“Campanha para libertar Galo mostra à Justiça que não estamos sozinhos”, diz mulher do ativista

Atualizado em 1 de agosto de 2021 às 20:18

Publicado originalmente na Ponte Jornalismo

Por Beatriz Drague Ramos

Géssica sendo liberada da prisão temporária na 89º DP na última sexta-feira (30) | Foto: Paulo Galo

Géssica de Paula Silva, 29 anos, ativista, costureira e companheira do ativista Paulo Galo, dos Entregadores Antifascistas, ficou presa temporariamente por dois dias no 89º Distrito Policial, na Vila Andrade, zona sul de São Paulo. A prisão ocorreu na última quarta-feira (28/7) quando ela e Galo se apresentaram voluntariamente no 11º DP (Santo Amaro) após investigações da Polícia Civil sobre o incêndio à base da estátua do bandeirante Borba Gato, em Santo Amaro, zona sul da capital paulista, ocorrido no sábado (24/7) chegarem ao nome de Galo.

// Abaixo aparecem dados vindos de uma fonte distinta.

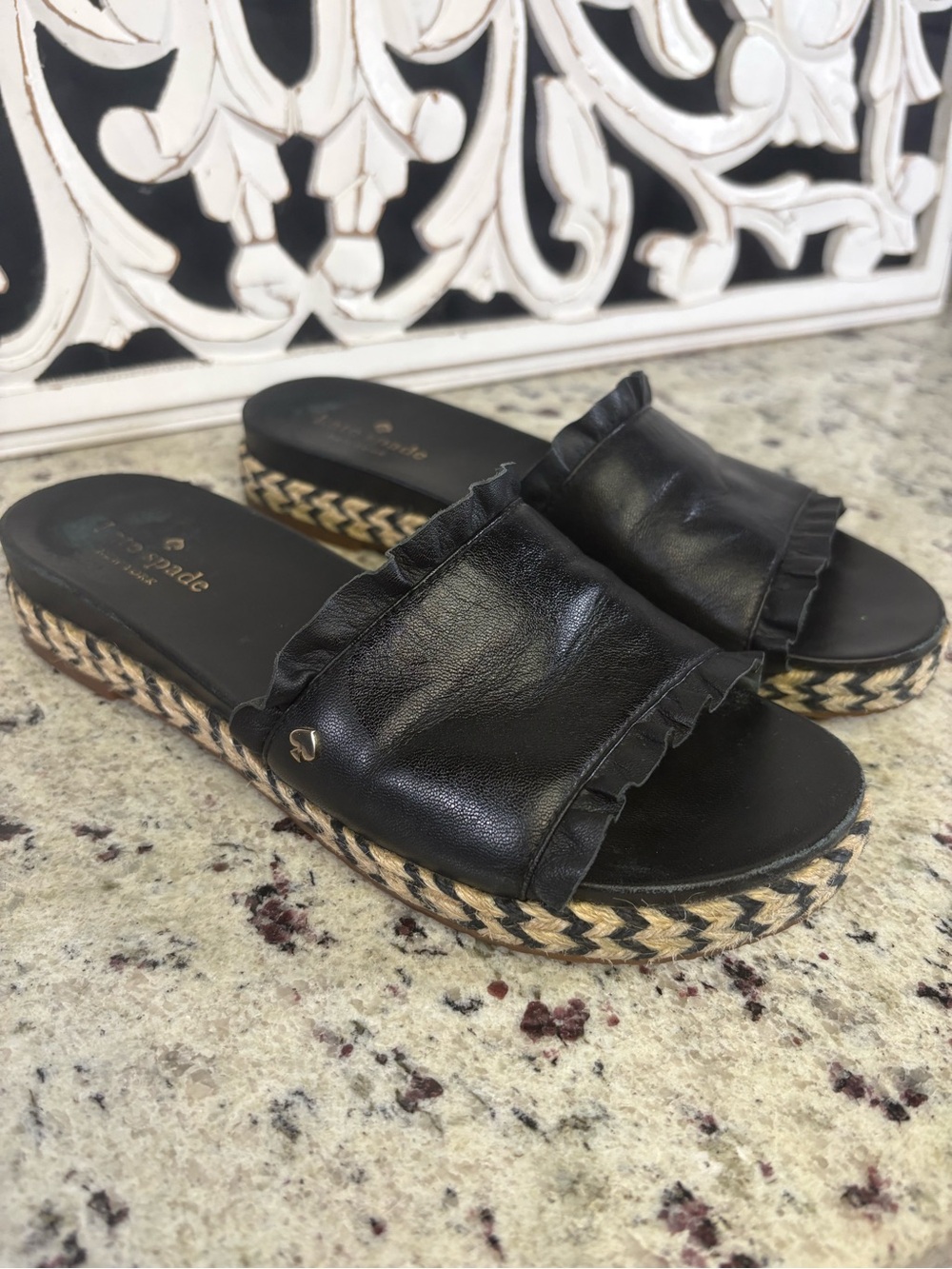 Kate Spade Zahara Black Leather Ruffle Espadrille Slides Size 7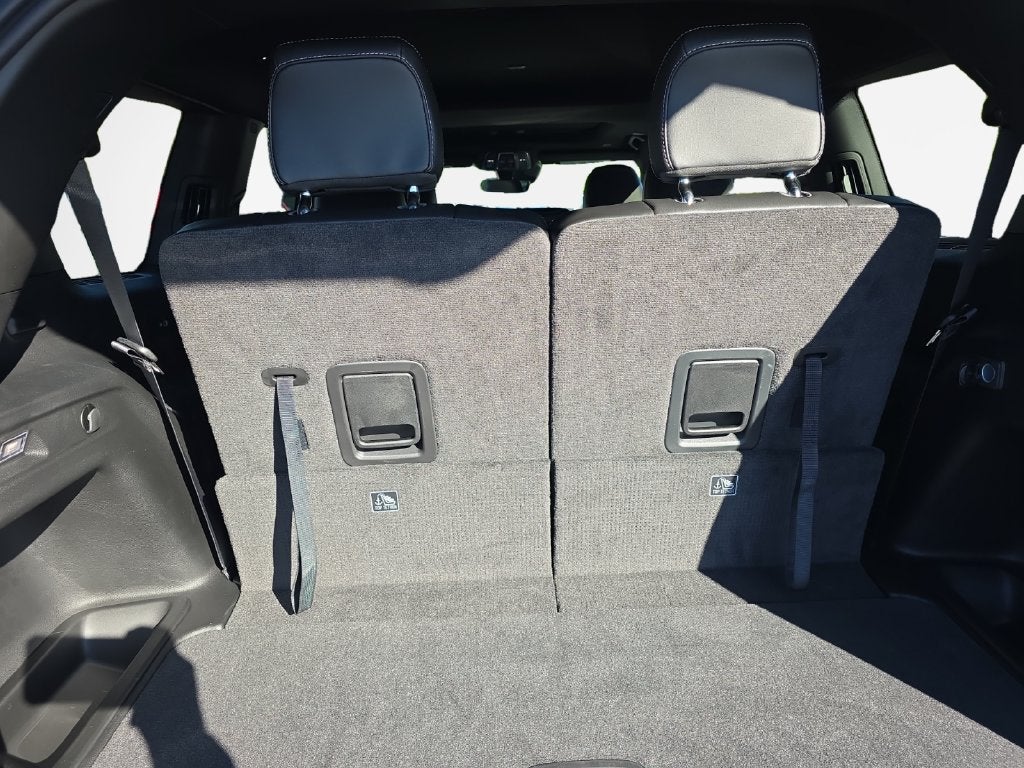 2027 Jeep Grand Cherokee Laredo Altitude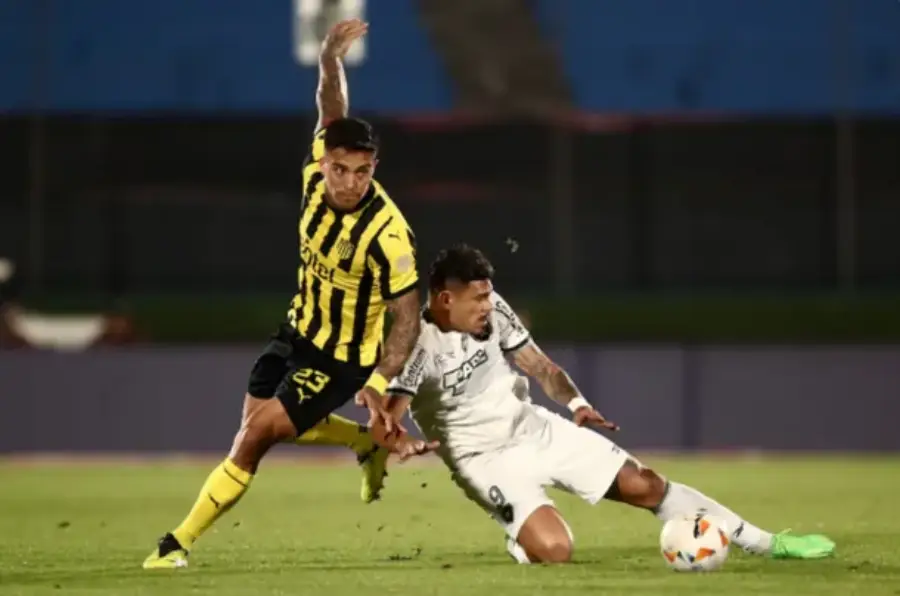 En Uruguay, Peñarol ganó 3 a 1 pero Botafogo de Brasil jugará la final de la Copa Libertadores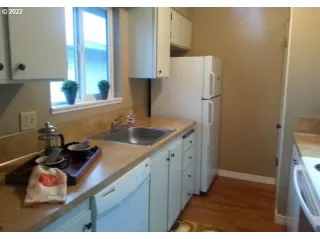 Photo #6: 22577871 Listing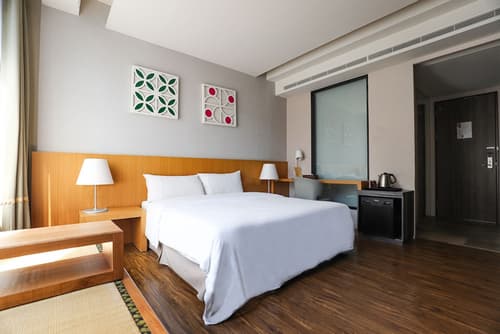 Roots Chew Hotel, Room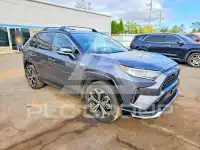 2021 Toyota RAV4 photo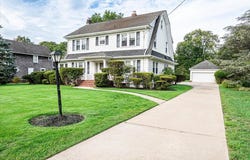 132 Washington Avenue, Patchogue, NY 11772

A prisão de ambos aconteceu a partir de um pedido apresentado pela Polícia Civil, que alega “associação criminosa”, definido no artigo 288 do Código Penal como “associarem-se 3 (três) ou mais pessoas, para o fim específico de cometer crimes”, com pena prevista de um a três anos de prisão e multa. Géssica, no entanto, não participou da intervenção na estátua. A ativista foi solta após a juíza Gabriela Marques da Silva Bertoli, do Tribunal de Justiça de São Paulo (TJ-SP) revogar a prisão temporária nesta sexta-feira (30/7).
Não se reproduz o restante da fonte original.